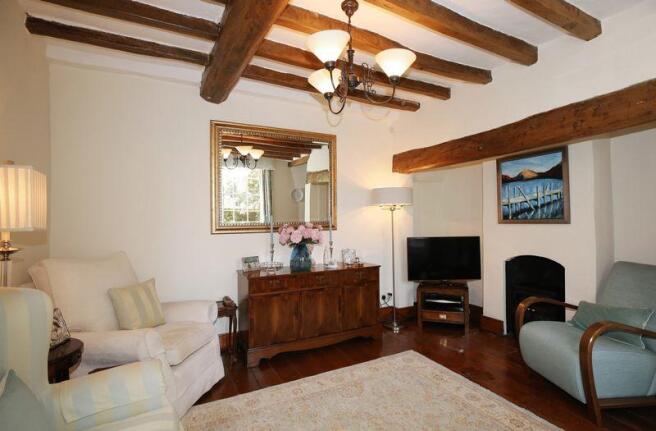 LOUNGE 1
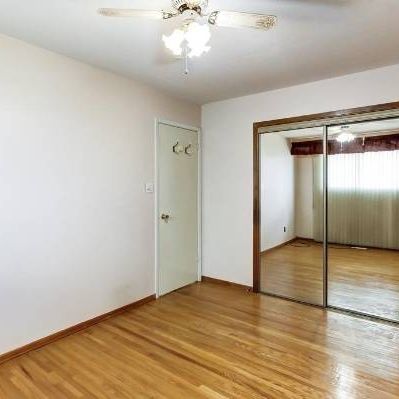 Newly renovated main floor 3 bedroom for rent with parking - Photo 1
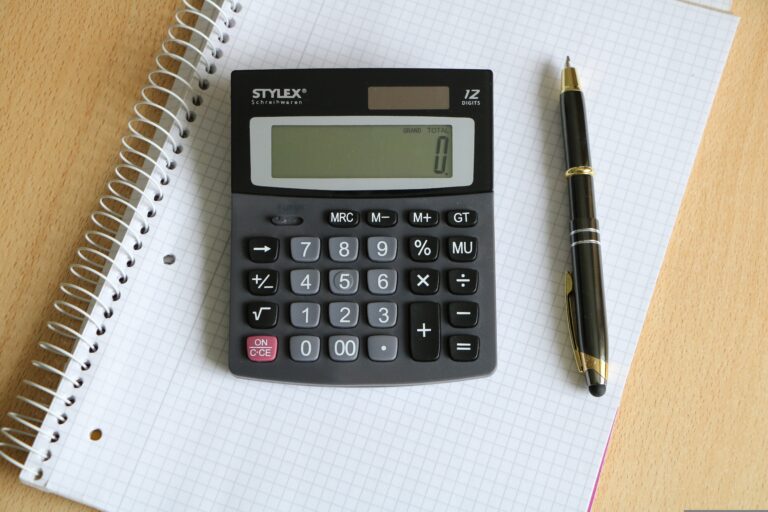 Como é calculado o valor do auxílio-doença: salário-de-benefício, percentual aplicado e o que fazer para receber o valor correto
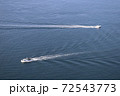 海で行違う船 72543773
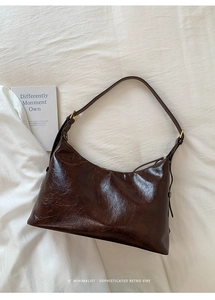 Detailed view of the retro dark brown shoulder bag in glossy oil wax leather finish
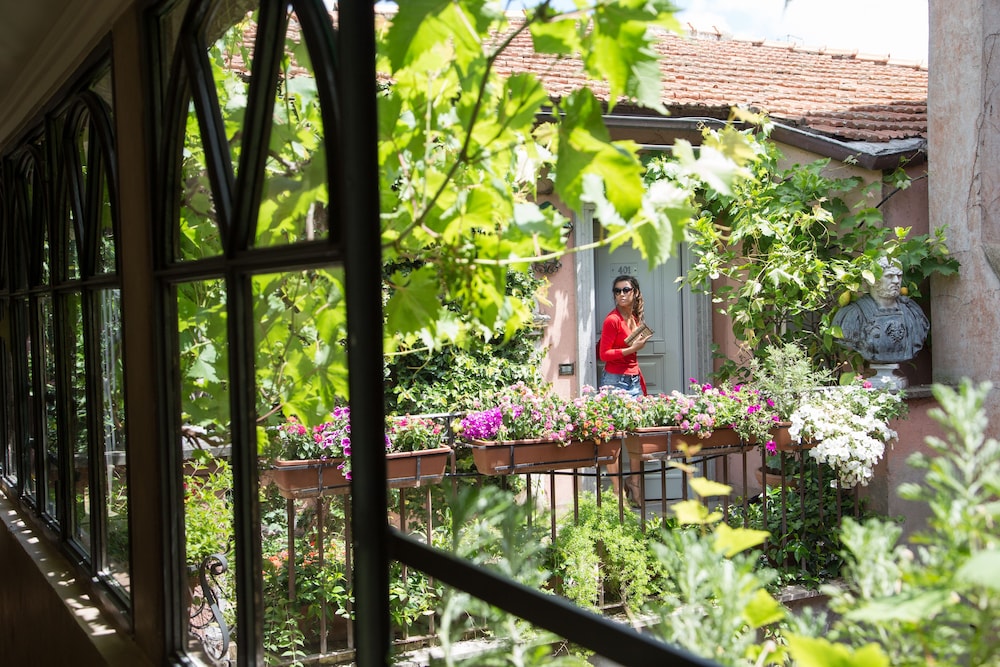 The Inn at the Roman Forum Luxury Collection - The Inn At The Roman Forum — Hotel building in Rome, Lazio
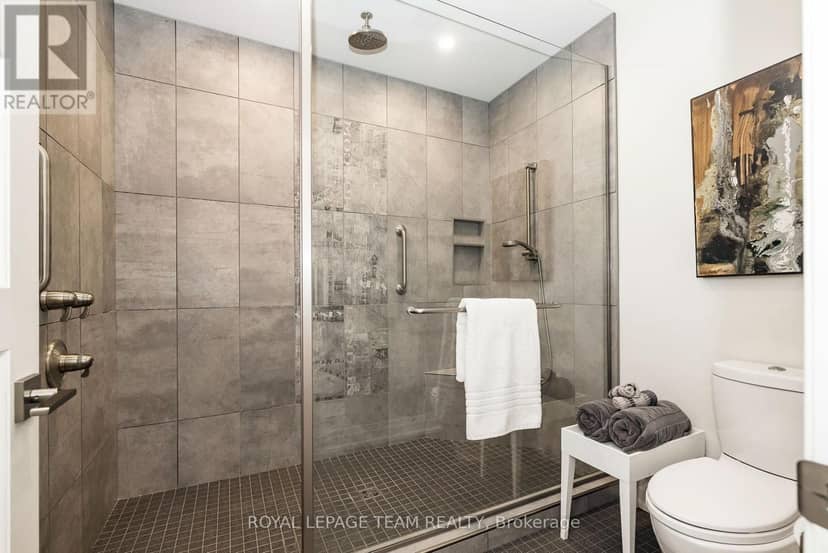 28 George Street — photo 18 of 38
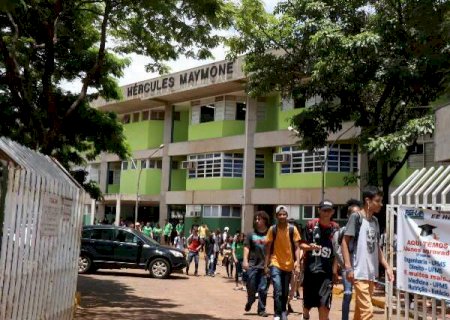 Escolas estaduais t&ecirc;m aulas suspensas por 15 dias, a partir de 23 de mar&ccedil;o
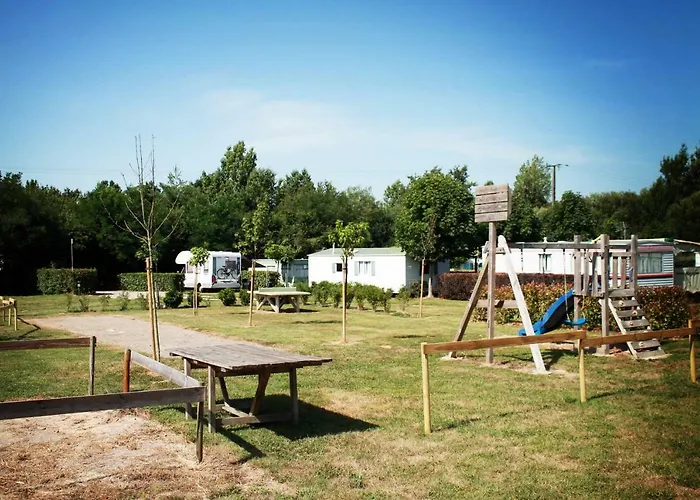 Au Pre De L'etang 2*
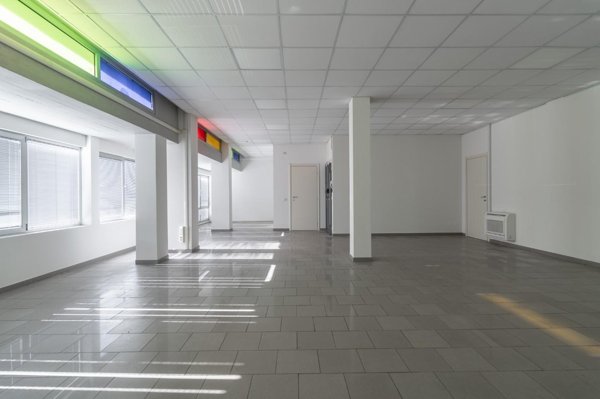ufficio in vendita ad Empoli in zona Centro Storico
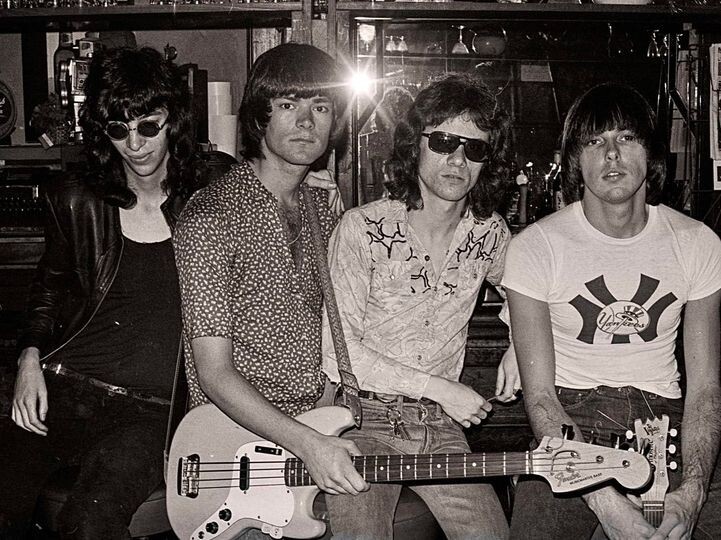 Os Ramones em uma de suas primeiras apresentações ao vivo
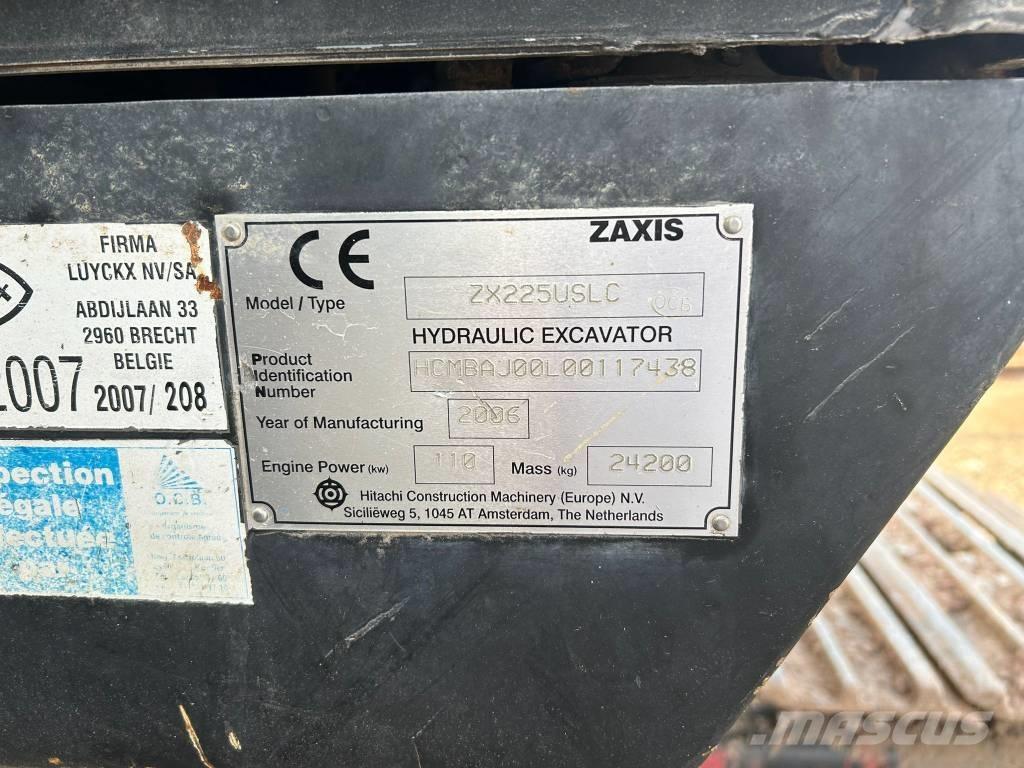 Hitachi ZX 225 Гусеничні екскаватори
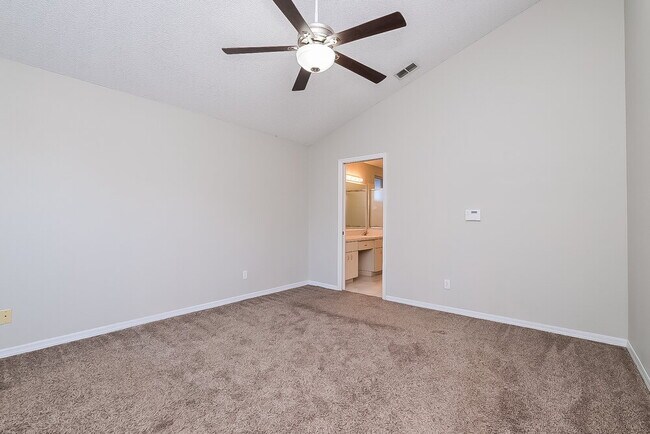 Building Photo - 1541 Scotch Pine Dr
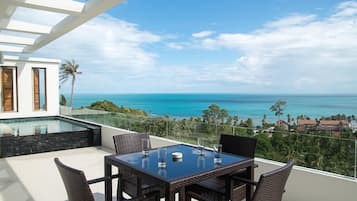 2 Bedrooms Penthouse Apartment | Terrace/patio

══════

## EXERCISE OBJECTIVE
Please write out, word for word, each line from the one with "Au Pre De L'etang 2*" to the last line of the data, keeping both ends and omitting pictures.

## ANSWER SECTION
 Au Pre De L'etang 2*
ufficio in vendita ad Empoli in zona Centro Storico
 Os Ramones em uma de suas primeiras apresentações ao vivo
 Hitachi ZX 225 Гусеничні екскаватори
 Building Photo - 1541 Scotch Pine Dr
 2 Bedrooms Penthouse Apartment | Terrace/patio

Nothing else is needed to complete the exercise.